The Importance of a Logical Data Model

As this is my first post I wanted to start with an explanation of the theme of this blog. The title: Rapid Application Development, refers to the software development methodology started by James Martin in the 1980's, not to some vague marketing concept as the term is more frequently used (for details see my article: http://www.blueink.biz/RapidApplicationDevelopment.aspx).

My specific spin will be designing, architecting, and implementing Microsoft .Net n-tier web applications since that is my career and my passion. That's the idea anyway, let's see how it looks after more than one post. ;)

Appropriately I wanted to start with with a discussion of the importance of developing a Logical Data Model, which should represent a vital step in the building of all software development projects, and is a core part of the rapid application development methodology.

Previously I'd thought logical data models were a crutch for people who were unable to model physically. I mean, why use some rough approximation of a real data model when you could use Micorosft Visio to develop something that will actually turn into a real database in order to start your actual software development?

Recently, however, I've had the pleasure of working with Steve Dempsey, a man who worked with James Martin and knows the RAD process inside and out. More specifically he is someone who believes a project will not suceed without a logical data model.

The more we've discussed our differences of opinion, the more I've come to concede my point. It hit home for me when I considered a recent project where using it would have drastically shortened the length of the project.

It comes down to how you apply the logical data model. For instance it's not just a starting point for the database, think of it as a starting point for the object's in an object oriented world as well. The strength of the logical data model is realized for instance when you build UML sequence diagrams based on the entities in your entity relationship diagram - and more specifically when that doesn't mirror your actual database structure!

My recent project used objects that didn't mirror the logical data model and the consiquence was non-intuitive code, a degredation of maintainability, and designing in complexities that could have been avoided.

Conclusion? Logical data models rock. Use them. They're not a crutch, they're a launching point for development.


And in case you're visually oriented consider the contrived example below where employees are denormalized into their company in the physical model, but are used in the logical model and sequence diagram (click the image to enlarge):





If this thought make sense then this is a BLOG is for you. Not sure? Please comment. I will post more concrete how-to's, .Net code samples, my favorite web resources, and undoubtedly random thoughts that may still interest you ... some other day.

Cheers,
- Lee

Comments

SainathK said…
Hi. I was looking at your physical and logical model and it seems that the logical model looks like a physical model.

From what I have done, in a logical mode, I would use more of business terms.

I could be wrong though... Would like your thouhts please
Lee Richardson said…
Sai,

I would say the difference between a logical and physical data model is an area up for debate.
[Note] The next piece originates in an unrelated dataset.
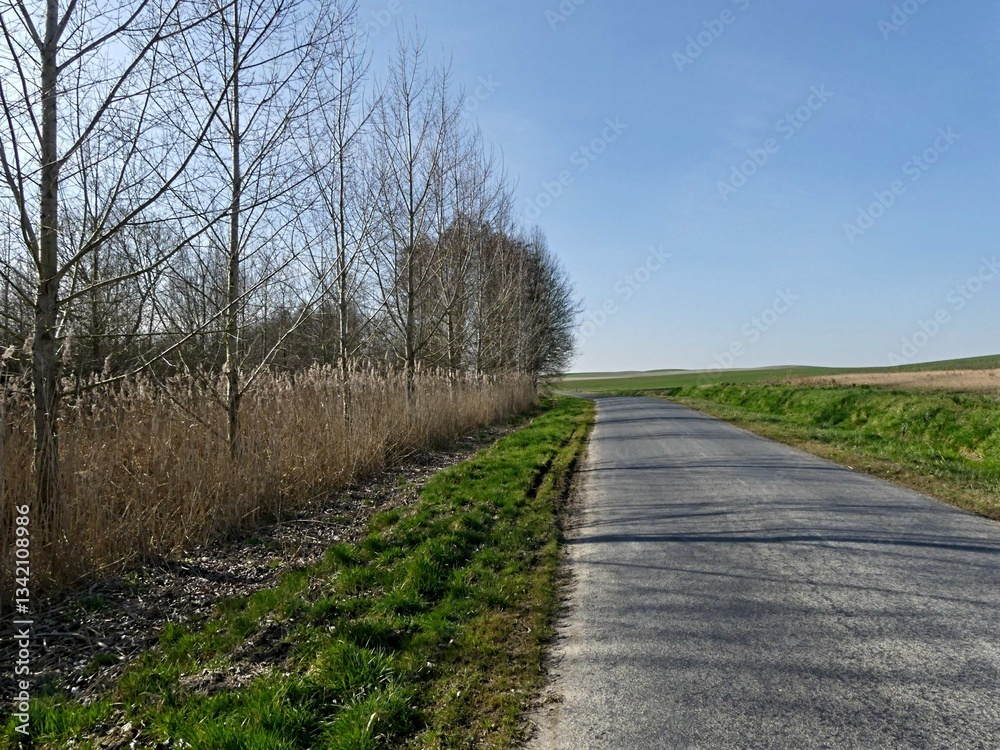 Naklejka premium La Neuville Au Pont, March 2025:hiking in the Argonne and Ardennes forests, surrounded by trees and nature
In terms of things people can probably universally agree upon:

1. Logical data models have many-to-many relationships where physical data models have associative or resolution tables.
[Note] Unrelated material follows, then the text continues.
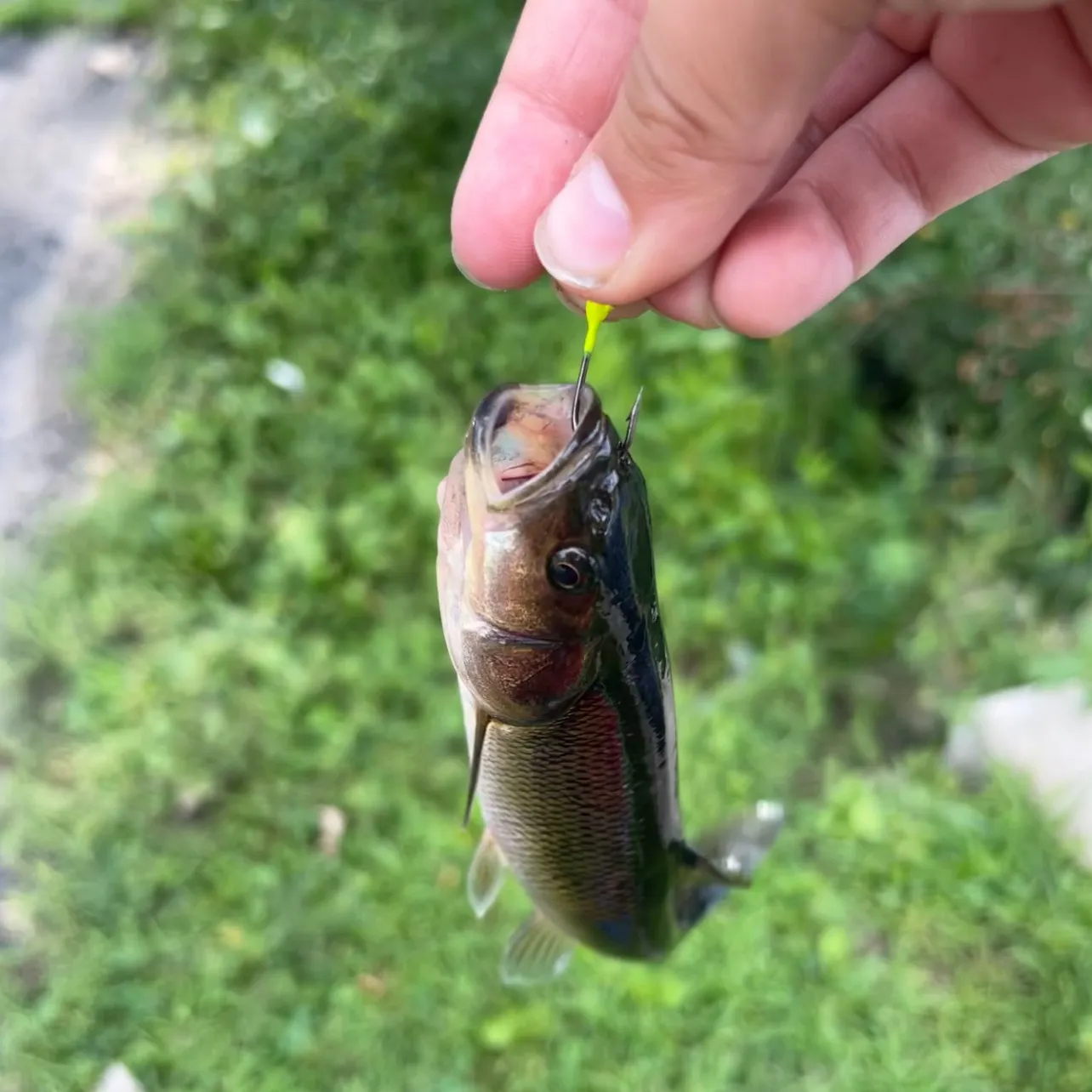 The most recent Hornyhead chub catches on Fishbrain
2. The goal of a logical data model is primarily to identify entities and their relationships while ignoring the details of primary keys, foreign keys, and indexes, while the goal of the physical data model is to hold data, access it quickly etc.

Microsoft Visio, my preferred modeling tool, doesn't support #1, so that's a moot point for me. And as far as #2, on my projects I gradually refine the logical data model into a physical one, so the goals overlap.

So in my world the two would always be nearly identical except when politics or performance dictate the need to denormalize (i.e. my logical model is almost always more normalized than my physical model).

You're the second person now to point out my somewhat casual use of the terms, so I've listed it in my ideas for future blog entries.
Anonymous said…
Well, I don't really see the advantage of your visual example. I am looking for reasons to embrace the Logical Data Model and that is how I stumbled across your page.

As far as I can tell, the only reason you would separate out employee from company in the way shown is if and employee could have multiple companies at different points in time AND you cared about the previous companies. This can be known up front and usually is and could be designed for immediately. So why initially denormalize them? The only reason I can see is to simplify for non-tech people. I have to search for more justifications for Logical Data Model.
Lee Richardson said…
"The only reason I can see is to simplify for non-tech people"

I don't buy that argument, but there are some similar ones. For instance sometimes it is politically advantageous to present things one way when you actually implement them another.

But after reading your comment and re-reading my post about a year later I think the visual example is too convoluted. But that doesn't mean I still don't believe in the value of logical models to display the way things really are vs the way the database portrays them.

For instance I have occasionally found it useful to denormalize my physical more than my logical for either performance reasons, or because too many 1-1 relationships can just get cumbersome in code, even with a good ORM tool. I talk about this somewhat in my Data Modeling Mistakes series.